L'Energie des Matériaux

Mario Merz

1925 - 2003

Mario Merz

Mario Merz grew up in Turin and attended the University of Turin’s army faculty for two years. During the Second World War, he joined the anti-fascist Justice and Liberty group and in 1945 he was arrested and imprisoned for distributing leaflets. In prison, he drew any and all subjects, from morning to evening, never wavering from his chosen medium. When he was released he rediscovered the Turin hills, where he recorded the grass, the sun, the scents and the noises as a seismograph. With the tip of a pencil, he traced the convolutions of his surroundings. It’s a kind endless cycle of perceiving and drawing. He shapes a language that will shape the world.

After the Liberation, encouraged by the critic Luciano Pistoli, he dedicated himself to painting full-time and began to practise oil painting. 

He began with an expressionist-abstract style of art, then moved on to a more informal approach (subverting the creative rules rather than trying to overcome them). He held his first solo exhibition in 1954, at the La Bussola Gallery in Turin. In the mid-sixties, he abandoned painting to experiment with materials such as neon tubes, with which he pierced the surface of the canvases to symbolise an infusion of energy. This was also his first experiment with three-dimensional creations, or "volumetric paintings".
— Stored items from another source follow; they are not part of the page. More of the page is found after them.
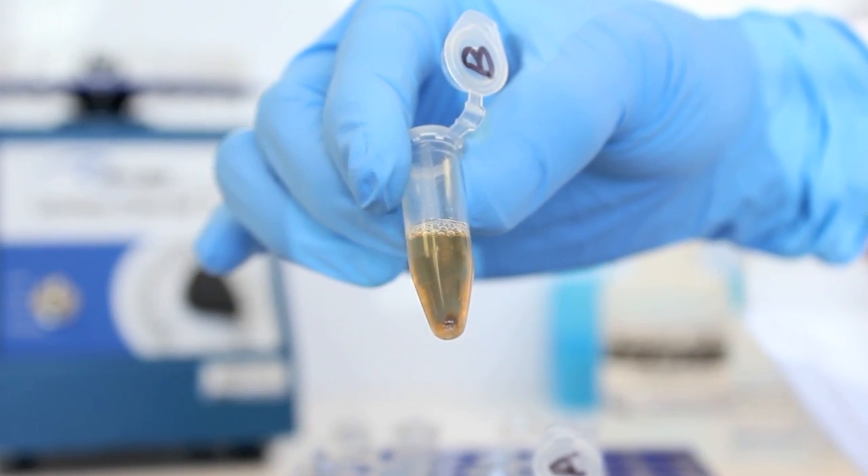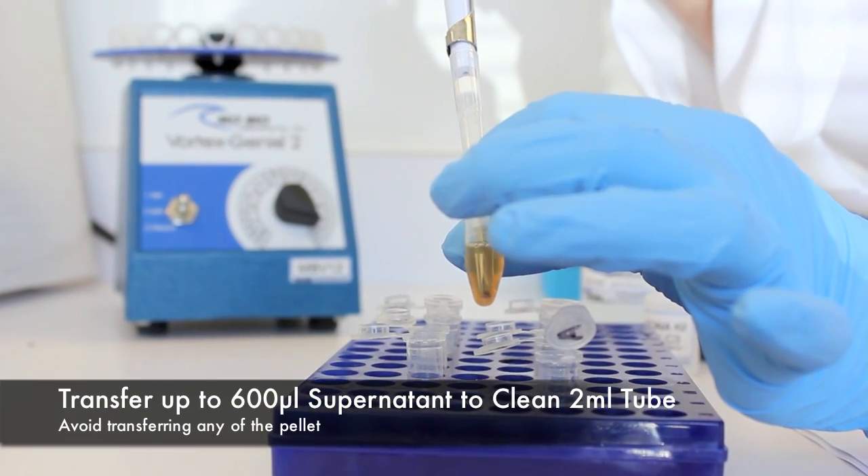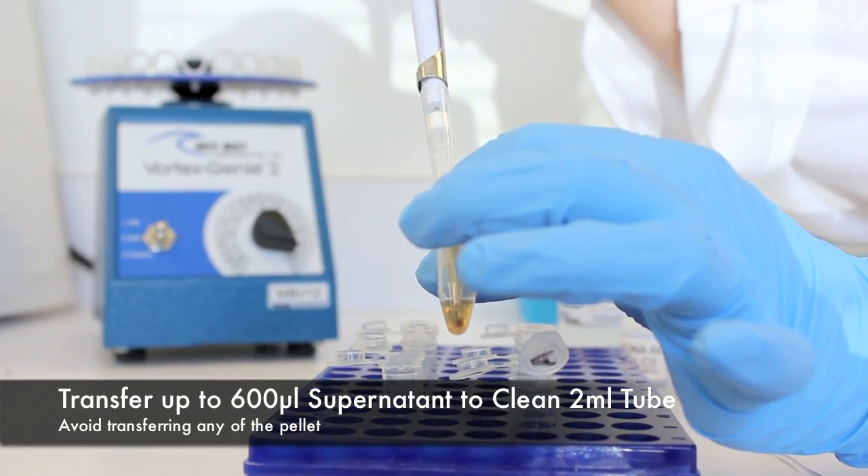Avoid the pellet. Transfer up to, but no more than 600 microliters of supernatant to a clean 2 milliliter collection tube.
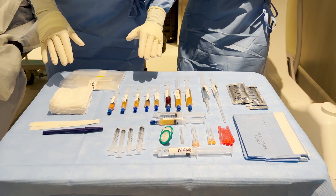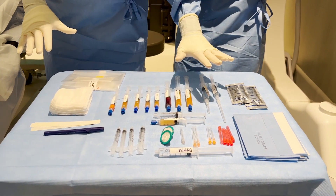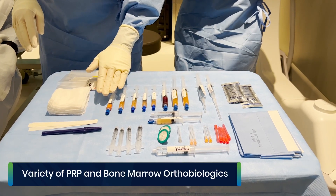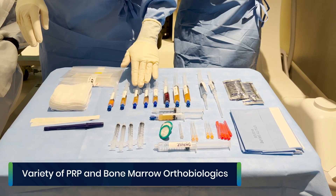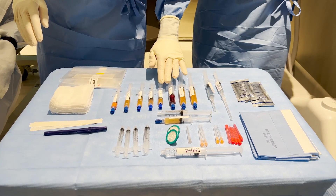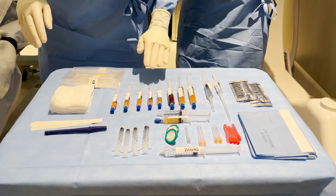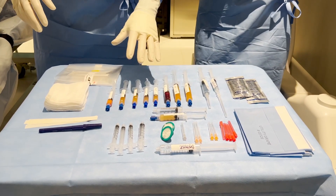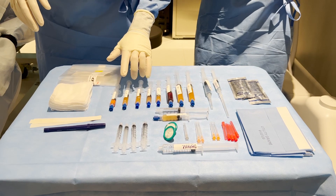So this is basically a complete set-up for a shoulder procedure. We've got lipid layer, 7X SCP, 10X, 14X, PLM, SCP, bone marrow concentrate, and platelet-rich plasma. Just to give you an idea of all the things that we have.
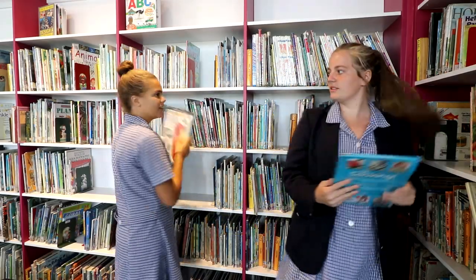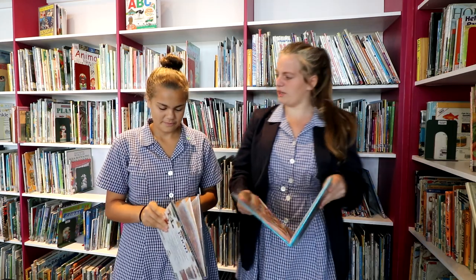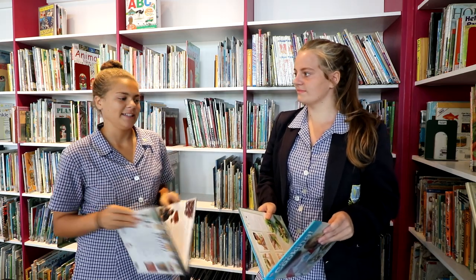Hey Tara, do you know what the theme for this term is? Yeah, it's friendship. Well, we're doing recipes in English. I wonder what a good recipe for friendship soup is. If I were making a friendship soup, I definitely know what I'd put in it.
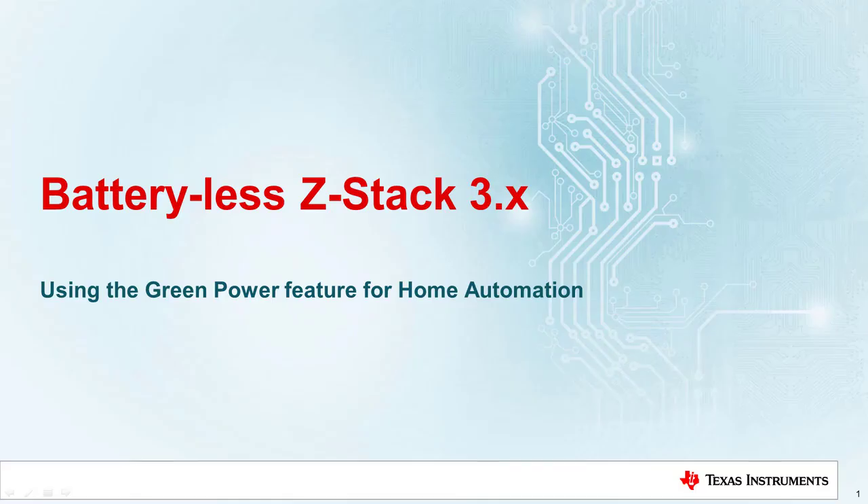Welcome to this session on batteryless ZStack 3.X. This training will provide an understanding of the Zigbee 3.0 Green Power feature, which introduces the potential of batteryless devices operating in a Zigbee network. Using Zigbee Green Power, certain home automation devices may now be powered by energy harvesting solutions, reducing the environmental impact of batteries.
He attended the first displays of Arte Povera with the artists who participated in the collective exhibition organised by Germano Celant at Galerie la Bertesca de Genoa (1967). Merz, Michelangelo Pistoletto, Giuseppe Penone, Luciano Fabro, Alighero Boetti and others later reunited at the Gian Enzo Sperone Gallery in Turin. It quickly became one of the group’s hallmark moments. The climate of 1968 and the charge of ​​political and social renewal are evident in his works, in which he began to use neon lights to recreate protest slogans from the student movement.

From 1968 he began to create archetypal structures such as his ‘Igloos’, made using contrasting materials (including glass, earth, and lead) which have since become characteristic of his work and which represented the artist’s definitive split from the confines of the two-dimensional frame and plan. 
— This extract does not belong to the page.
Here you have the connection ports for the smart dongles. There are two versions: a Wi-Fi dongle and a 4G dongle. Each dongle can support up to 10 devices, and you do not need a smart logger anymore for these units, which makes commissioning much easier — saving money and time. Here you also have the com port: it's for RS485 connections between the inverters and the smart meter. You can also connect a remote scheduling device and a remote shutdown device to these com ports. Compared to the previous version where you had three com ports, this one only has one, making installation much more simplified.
In 1970 he introduced the Fibonacci sequence into his work, a symbol of the inherent energy of matter and organic growth. He achieved this either by placing neon numbers in his work or elsewhere in the exhibition space - as he did in 1971 along the spiral viewing ramp of the Solomon R. Guggenheim Museum, on the Mole Antonelliana in Turin in 1984, and on the Manica Lunga of the Castello di Rivoli in 1990.
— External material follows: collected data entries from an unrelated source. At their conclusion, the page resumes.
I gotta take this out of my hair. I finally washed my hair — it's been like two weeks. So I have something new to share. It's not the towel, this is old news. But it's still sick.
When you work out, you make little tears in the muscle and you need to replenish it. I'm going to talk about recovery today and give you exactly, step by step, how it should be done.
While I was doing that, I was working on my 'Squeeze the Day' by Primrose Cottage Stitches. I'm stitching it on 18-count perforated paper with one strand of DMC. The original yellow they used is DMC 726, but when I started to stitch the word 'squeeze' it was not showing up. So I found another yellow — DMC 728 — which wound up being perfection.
In 1976 he began to incorporate the symbolic figure of the spiral into his work, which was successively associated with the figure of the table, on the surface of which he placed fruit or vegetables so that, left to their natural destiny, they introduced the dimension of real time into the work.

At the end of the 1970s, Merz returned to figurative art, drawing large images of archaic animals, which he defined as prehistoric, on large unframed canvases.